Culture oléagineuse cousine du lin, la cameline est jusqu’à présent implantée au nord du Bassin parisien, essentiellement en bio. Elle pourrait désormais intégrer l’assolement des agriculteurs conventionnels, en intercultures.  « Cultivée en dérobé, la cameline n'entre pas dans le cadre des 7 % maximum de biocarburants autorisés pour les transports routiers mais elle est éligible à ceux prévus pour l'aviation, explique Guillaume de la Forest, chargé de mission agronomie à Saipol. Dans ce cas, elle n’entre pas en compétition avec les cultures alimentaires, c’est là son intérêt ». Le spécialiste français de la transformation des graines oléagineux voit dans cette culture, qui se sème en intercultures après des pois ou une orge par exemple, une source de revenu complémentaire pour les agriculteurs. 

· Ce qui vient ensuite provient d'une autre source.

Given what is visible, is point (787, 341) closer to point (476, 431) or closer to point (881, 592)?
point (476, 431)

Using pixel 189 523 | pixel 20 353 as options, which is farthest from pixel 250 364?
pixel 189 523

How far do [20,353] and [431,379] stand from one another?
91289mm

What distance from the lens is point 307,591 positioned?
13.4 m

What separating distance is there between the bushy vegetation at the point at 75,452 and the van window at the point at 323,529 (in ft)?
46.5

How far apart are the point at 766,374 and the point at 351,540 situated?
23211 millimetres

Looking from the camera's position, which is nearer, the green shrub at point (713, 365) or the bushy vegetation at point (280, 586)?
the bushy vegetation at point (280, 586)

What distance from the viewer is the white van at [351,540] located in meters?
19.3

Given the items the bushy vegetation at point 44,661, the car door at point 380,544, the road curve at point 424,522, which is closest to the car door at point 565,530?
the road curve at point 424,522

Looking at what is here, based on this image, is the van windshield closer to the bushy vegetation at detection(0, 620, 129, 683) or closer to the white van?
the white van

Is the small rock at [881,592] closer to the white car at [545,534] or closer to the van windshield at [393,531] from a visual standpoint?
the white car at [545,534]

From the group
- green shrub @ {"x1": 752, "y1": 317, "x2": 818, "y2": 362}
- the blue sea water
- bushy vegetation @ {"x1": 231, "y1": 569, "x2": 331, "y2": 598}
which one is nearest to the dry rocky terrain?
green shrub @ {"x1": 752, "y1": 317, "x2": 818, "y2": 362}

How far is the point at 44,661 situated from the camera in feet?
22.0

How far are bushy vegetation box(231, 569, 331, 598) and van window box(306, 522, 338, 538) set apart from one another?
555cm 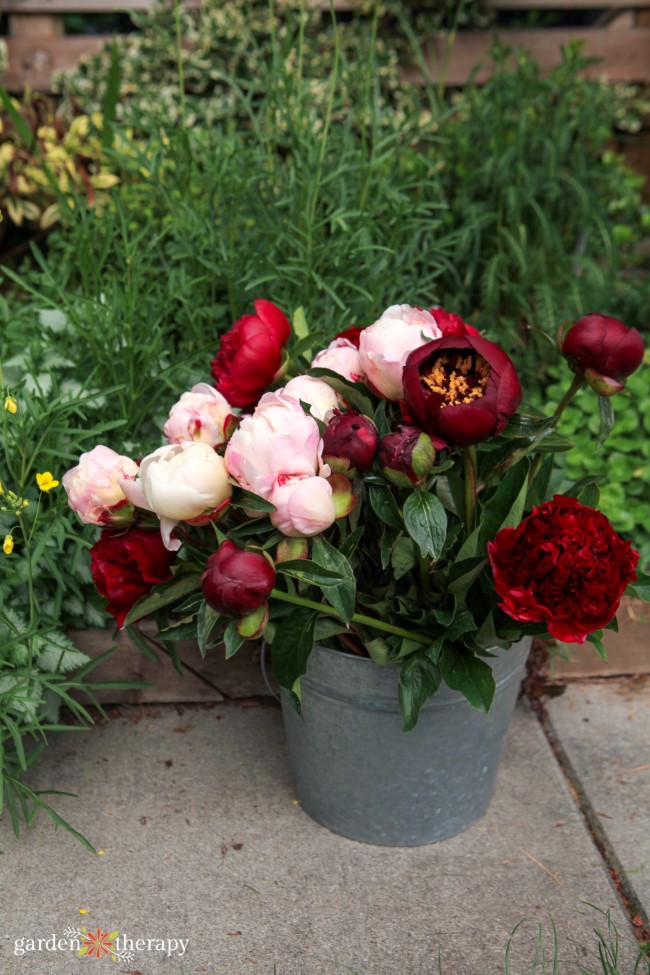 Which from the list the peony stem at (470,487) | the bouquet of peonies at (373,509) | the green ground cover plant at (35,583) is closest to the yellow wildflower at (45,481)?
the green ground cover plant at (35,583)

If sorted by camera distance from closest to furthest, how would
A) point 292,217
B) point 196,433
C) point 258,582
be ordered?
point 258,582 → point 196,433 → point 292,217

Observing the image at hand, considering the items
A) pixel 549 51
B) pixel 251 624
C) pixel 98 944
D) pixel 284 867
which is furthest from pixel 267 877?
pixel 549 51

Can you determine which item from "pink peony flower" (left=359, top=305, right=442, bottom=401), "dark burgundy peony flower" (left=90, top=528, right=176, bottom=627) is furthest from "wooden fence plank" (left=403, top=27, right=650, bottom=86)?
"dark burgundy peony flower" (left=90, top=528, right=176, bottom=627)

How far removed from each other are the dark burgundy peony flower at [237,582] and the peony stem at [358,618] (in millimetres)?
100

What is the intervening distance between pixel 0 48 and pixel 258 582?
259 cm

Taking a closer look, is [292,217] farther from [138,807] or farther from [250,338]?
[138,807]

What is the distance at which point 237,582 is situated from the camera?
1.03 metres

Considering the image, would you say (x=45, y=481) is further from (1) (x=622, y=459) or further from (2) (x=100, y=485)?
(1) (x=622, y=459)

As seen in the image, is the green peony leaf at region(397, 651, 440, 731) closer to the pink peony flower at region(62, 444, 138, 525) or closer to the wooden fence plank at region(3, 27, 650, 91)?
the pink peony flower at region(62, 444, 138, 525)

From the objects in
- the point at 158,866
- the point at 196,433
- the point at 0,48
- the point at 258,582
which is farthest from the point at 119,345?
the point at 0,48

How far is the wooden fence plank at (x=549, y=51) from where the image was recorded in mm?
2967

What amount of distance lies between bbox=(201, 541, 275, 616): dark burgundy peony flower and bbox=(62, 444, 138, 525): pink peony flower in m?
0.21

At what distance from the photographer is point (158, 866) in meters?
1.45

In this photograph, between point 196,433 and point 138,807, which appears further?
point 138,807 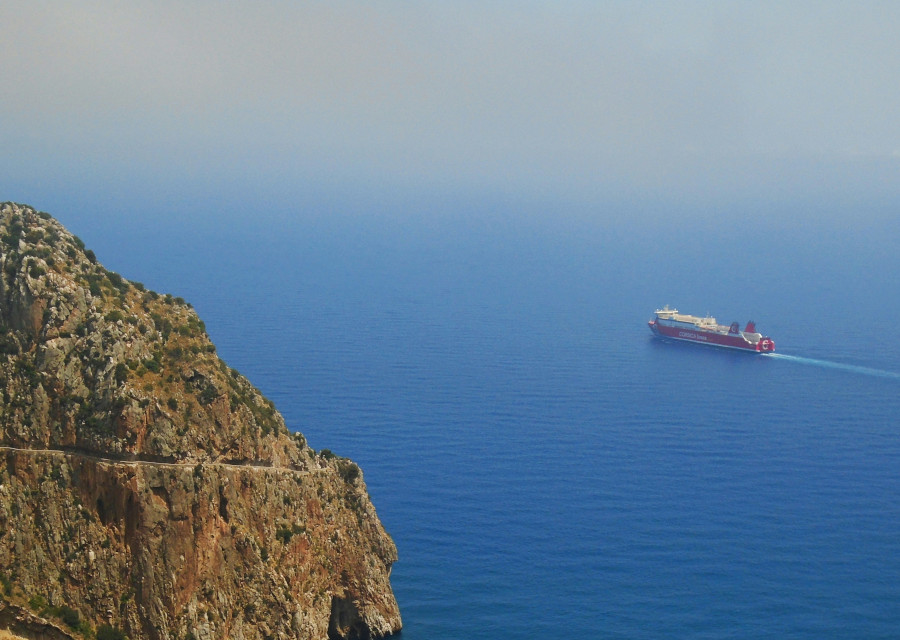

La culture est testée depuis trois ans par plusieurs organismes-stockeurs dont Valfrance et Agora en Picardie. Fort de cette première phase expérimentale, Saipol et Terres Inovia ont décidé de lancer à partir de cet été, une filière cameline-biocarburants, sous forme pilote. « Si les résultats sont concluants, nous la déploierons à plus grande échelle en 2023, indique le chargé de mission. Le rendement obtenu jusqu’à présent est en moyenne de 8 à 10 q/ha, mais peut aller de 0 à 17 q/ha ».

Un cycle de 100 jours

« L’enjeu dans la zone Nord est de retenir une variété précoce qui fait son cycle en 100 jours, souligne Guillaume de la Forest. C’est le cas de la variété Vera, du sélectionneur espagnol Camelina Company. L’objectif est de la semer juste après la récolte des pois protéagineux ou de conserve ou de l’orge d’hiver par exemple, et de la récolter avant le 15 octobre. L’idéal est qu’elle soit moisonnée sèche, à 9 % d’humidité, pour ne pas nécessiter de séchage ». D’après Terres Inovia, la cameline semble peu sensible aux températures élevées, ne dépassant pas 35°C, mais il est préférable de la semer avant un épisode pluvieux, pour garantir une levée rapide et homogène. Elle peut être semée après un déchaumage superficiel ou en semis direct, à raison de 8 kg/ha de semences, avec un semoir à céréales, 10 à 12 kg/ha pour un semis à la volée. « Après une légumineuse, un pois ou une lentille, par exemple, il n’est pas nécessaire d’apporter d’azote, précise Nicolas Latraye de Terres Inovia. Par contre après une céréale, il est indispensable de lui apporter 40 unités d’azote pour réussir la culture. »

La cameline est aussi peu sensible aux bioagresseurs. « C’est une plante résistante aux maladies et que les altises n’aiment pas, souligne Patrick Devaux, responsable de la station expérimentale d’Estrées-Mons chez Terres Inovia. Si la levée est rapide, la culture étouffe les adventices, et n’a pas besoin d’être désherbée ». Autre avantage de la cameline semée en intercultures, elle fournit des fleurs riches en nectar et en pollen pour les abeilles à une époque où la production des autres plantes décline.